- Assignment
Once "6X Boomstambladen, complete" turns up in a line below, reproduce that line and those after it exactly, stopping after the line with "Miracle Made Aromatherapy"; leave pictures out.

(Items from a data source)

────────

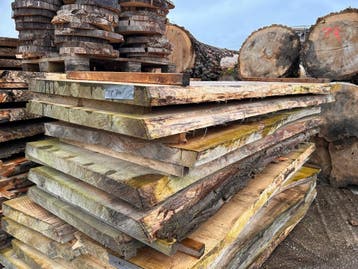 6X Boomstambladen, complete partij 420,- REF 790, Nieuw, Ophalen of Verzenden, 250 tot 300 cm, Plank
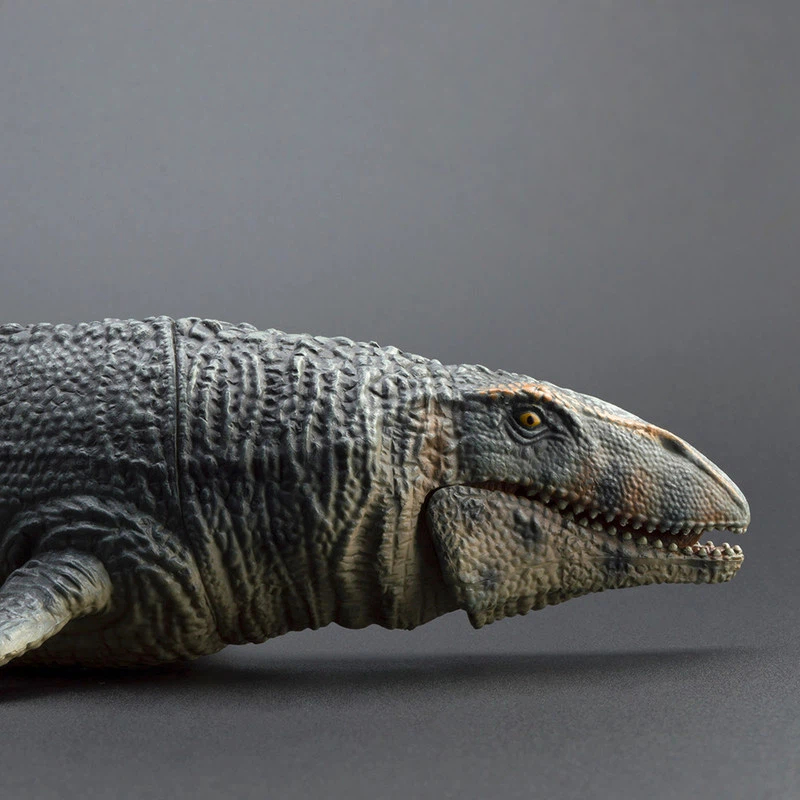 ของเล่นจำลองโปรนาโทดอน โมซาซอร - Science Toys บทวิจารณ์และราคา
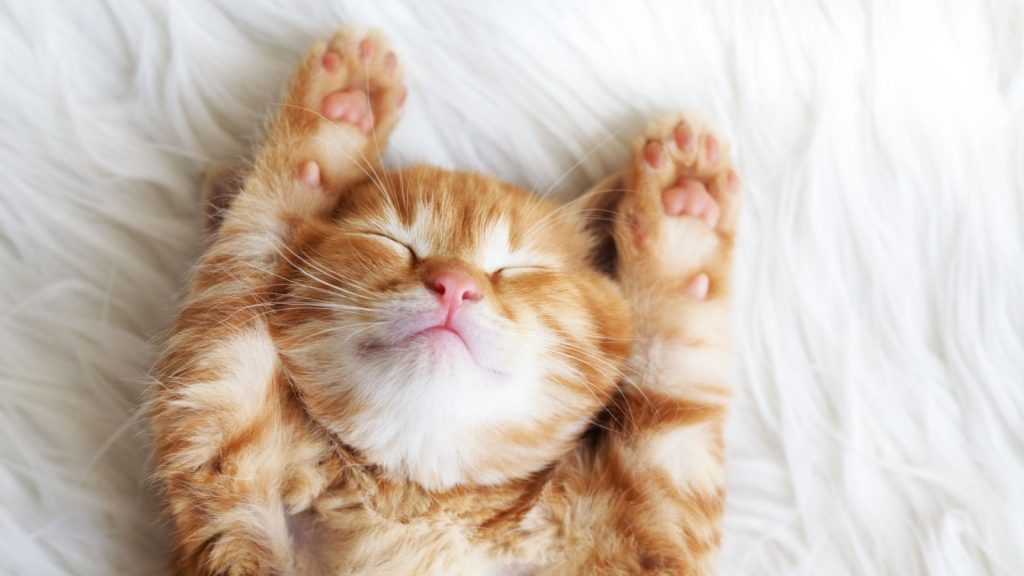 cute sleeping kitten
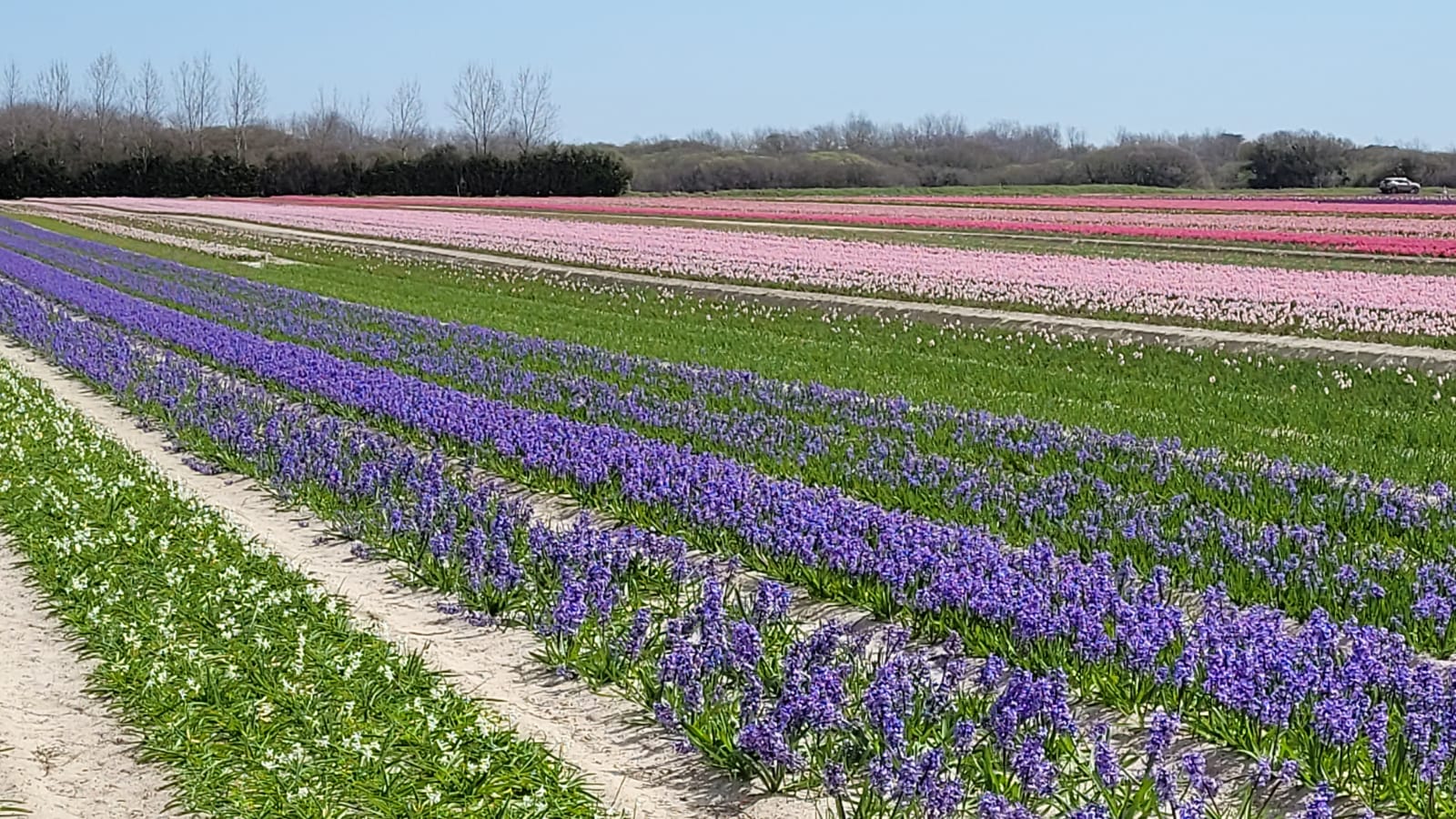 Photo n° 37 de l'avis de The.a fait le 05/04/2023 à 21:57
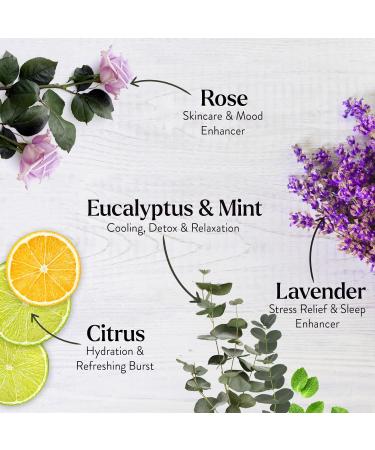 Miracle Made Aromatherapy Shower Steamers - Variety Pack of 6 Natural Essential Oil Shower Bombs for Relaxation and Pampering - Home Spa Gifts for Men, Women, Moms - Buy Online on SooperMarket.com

────────

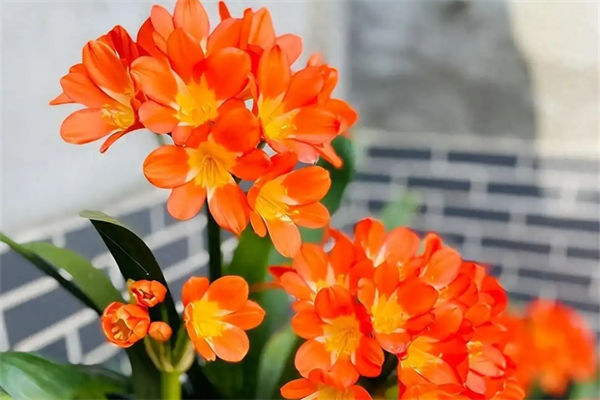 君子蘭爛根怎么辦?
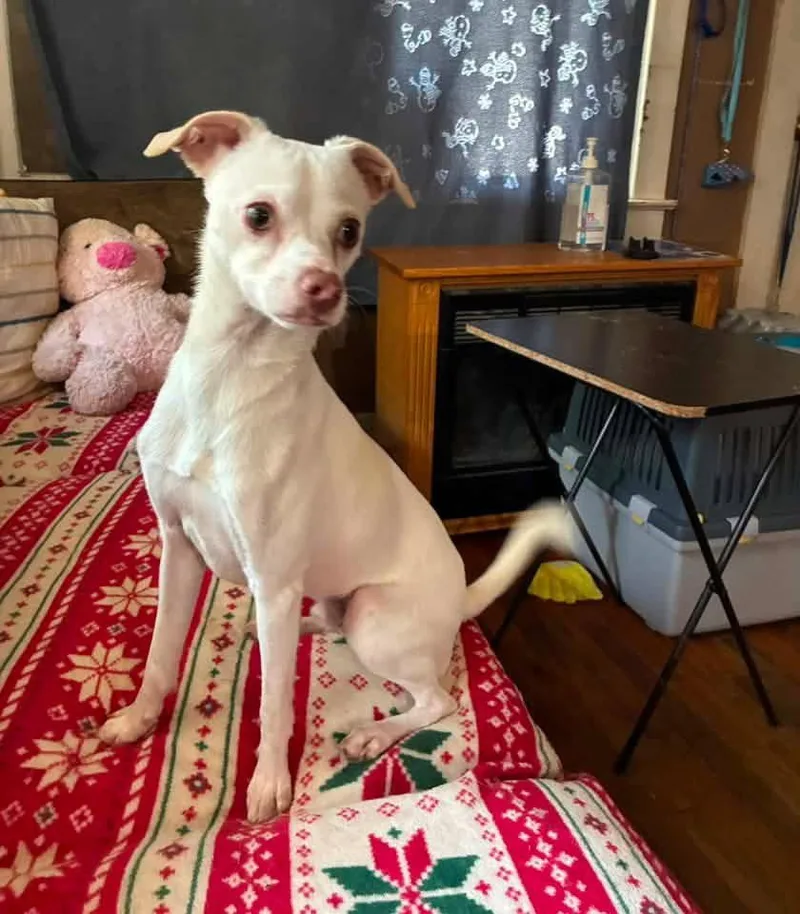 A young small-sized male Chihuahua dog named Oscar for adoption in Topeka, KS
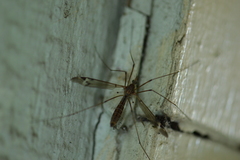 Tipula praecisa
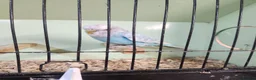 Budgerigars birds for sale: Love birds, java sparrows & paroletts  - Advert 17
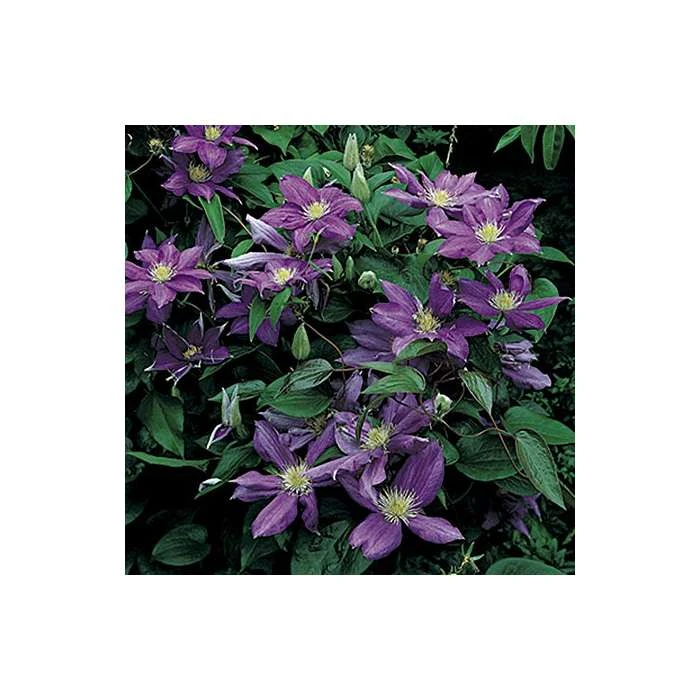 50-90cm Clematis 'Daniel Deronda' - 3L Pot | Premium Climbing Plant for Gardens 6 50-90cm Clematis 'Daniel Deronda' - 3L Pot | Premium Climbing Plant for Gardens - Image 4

────────

- Exercise response
 6X Boomstambladen, complete partij 420,- REF 790, Nieuw, Ophalen of Verzenden, 250 tot 300 cm, Plank
 ของเล่นจำลองโปรนาโทดอน โมซาซอร - Science Toys บทวิจารณ์และราคา
 cute sleeping kitten
 Photo n° 37 de l'avis de The.a fait le 05/04/2023 à 21:57
 Miracle Made Aromatherapy Shower Steamers - Variety Pack of 6 Natural Essential Oil Shower Bombs for Relaxation and Pampering - Home Spa Gifts for Men, Women, Moms - Buy Online on SooperMarket.com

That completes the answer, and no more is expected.